Correct. You are talking about a marketing/licensing issue, not a technical issue. So adding in linked clones, what else is needed? If that is all I would rather have VMware spend their developer resources on a single product making it better and adding in feature parity to retire Lab Manager than splitting resources between two product lines that duplicate functionality.
Hi Ian, I am not so sure that Lab Manager is dead. vCD will require Enterprise Plus Licenses for all ESX hosts in the cluster that is part of the Resource pool.
The SMB market will not have the resources / finances available for such a venture.

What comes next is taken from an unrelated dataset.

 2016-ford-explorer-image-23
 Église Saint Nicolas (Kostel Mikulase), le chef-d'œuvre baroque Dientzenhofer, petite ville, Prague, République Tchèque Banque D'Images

Hi Ian, great blog! A colleague pointed it out to me, as I’m the “Paul” from the APAC region, actually it’s Phil, but I was the only guy from APAC on the Lab Team, so assume it’s me! As some of your other respondents have pointed out there are still some functional gaps between Lab Manager and vCD, so right now we should choose the right product for the right use case, but with a preference for vCD if it meets all the current requirements.
I’d just like to correct Maish’s post, vCD will actually work with vSphere Standard, but the limitation here is you have to set up all your PortGroups manually first in vSphere before they can be consumed. In an SMB environment that would be fine (small number of portgroups, relatively static).
We do strongly recommend Enterprise Plus because of the virtual Distributed Switch which allows vCD to do all the network provisioning dynamically.
Hope that helps, and clarifies things. As for linked clones… watch this space.